TASK ITEM
Write out the listing below exactly, and omit any images you find in it.

PROVIDED DATA
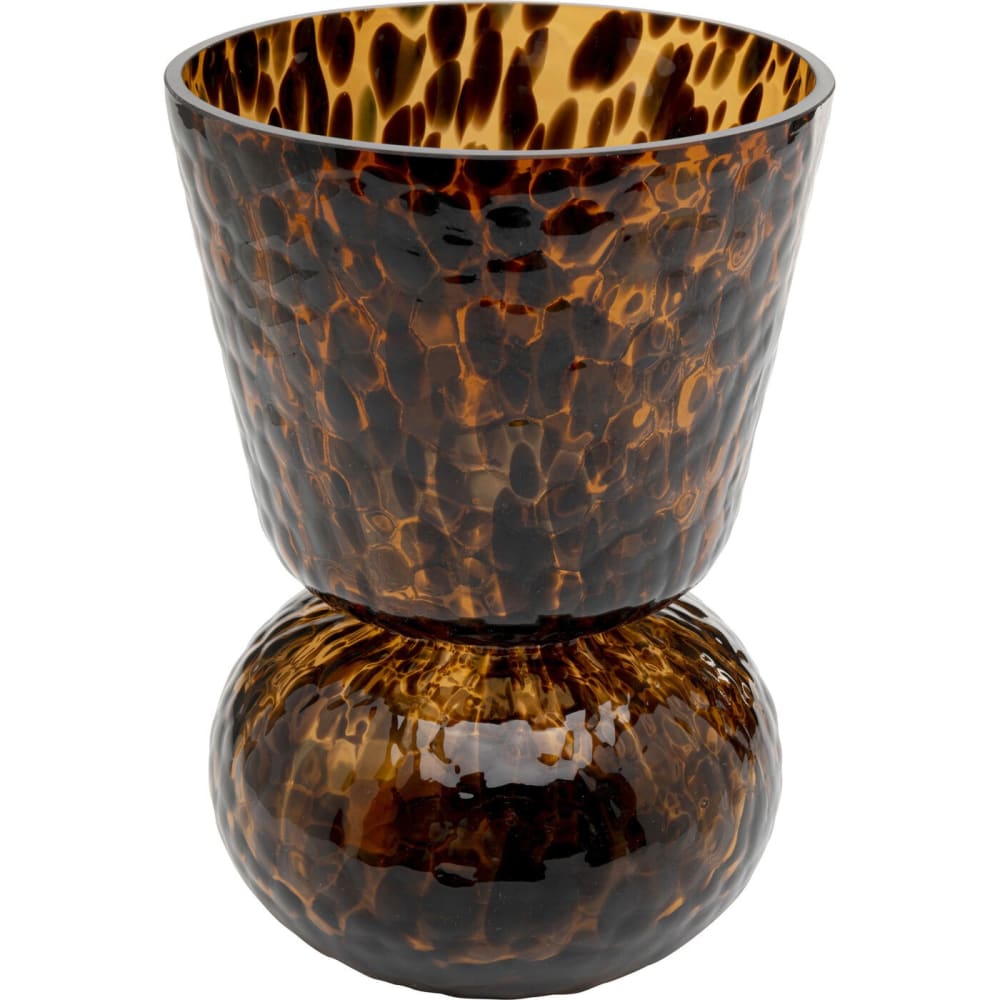 Vase en verre marron H25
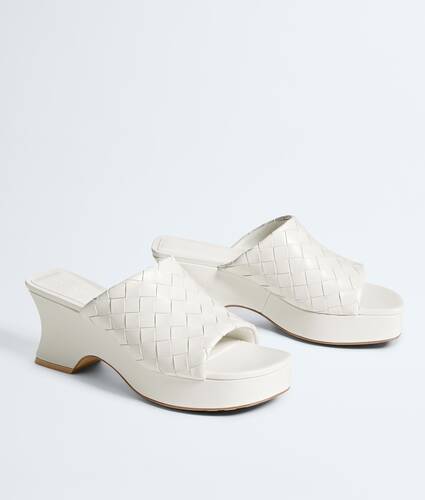 Women's Rosita Wedge Mule in Alabaster Bottega Veneta Slovakia EN - Image 3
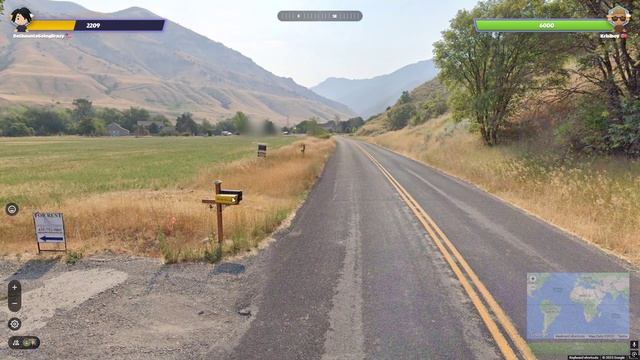 GeoGuessr. win with low hp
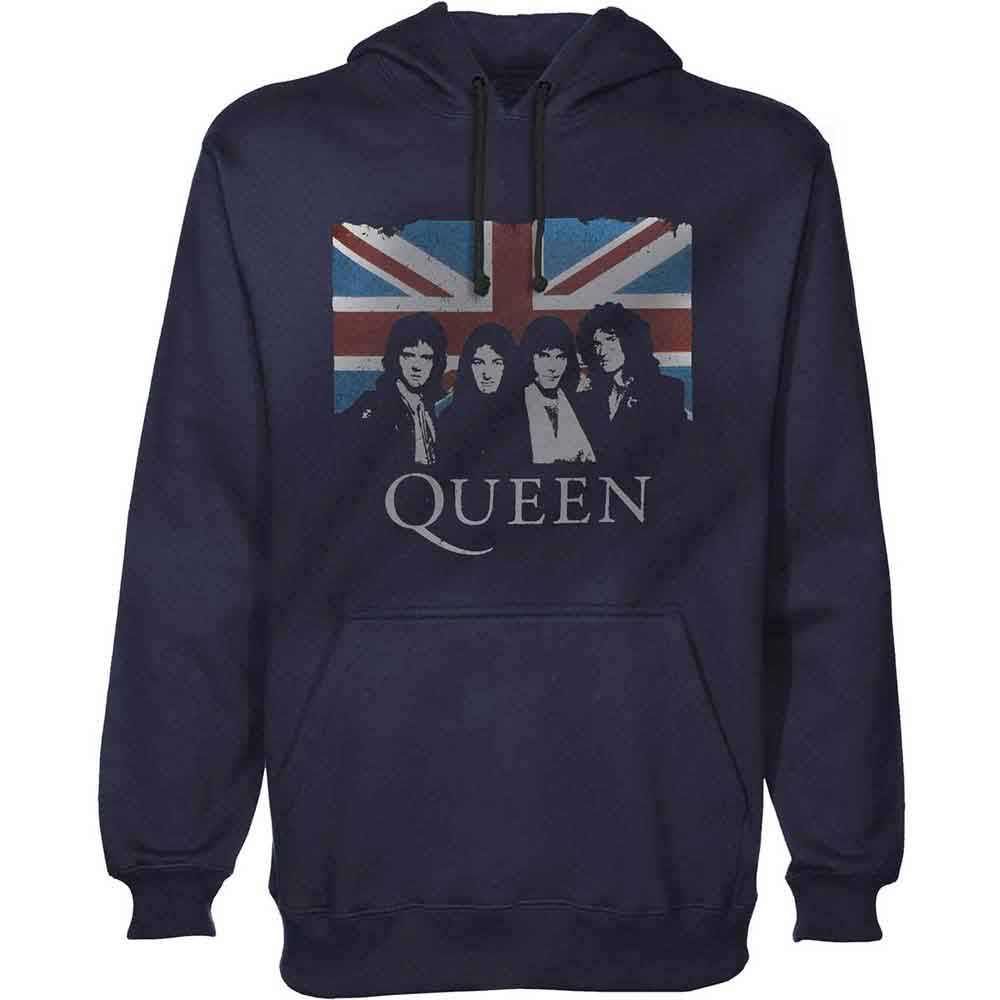 Queen - Union Jack - Sweatshirt Blue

WRITTEN ANSWER
 Vase en verre marron H25
 Women's Rosita Wedge Mule in Alabaster Bottega Veneta Slovakia EN - Image 3
 GeoGuessr. win with low hp
 Queen - Union Jack - Sweatshirt Blue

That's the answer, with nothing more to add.